▶ [Your assignment] When copying the data, keep every line exactly the same.

▶ [Stored data]

►

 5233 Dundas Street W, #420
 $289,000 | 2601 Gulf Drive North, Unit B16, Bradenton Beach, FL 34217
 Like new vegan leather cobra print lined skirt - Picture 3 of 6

◄

▶ [Exercise output]
 5233 Dundas Street W, #420
 $289,000 | 2601 Gulf Drive North, Unit B16, Bradenton Beach, FL 34217
 Like new vegan leather cobra print lined skirt - Picture 3 of 6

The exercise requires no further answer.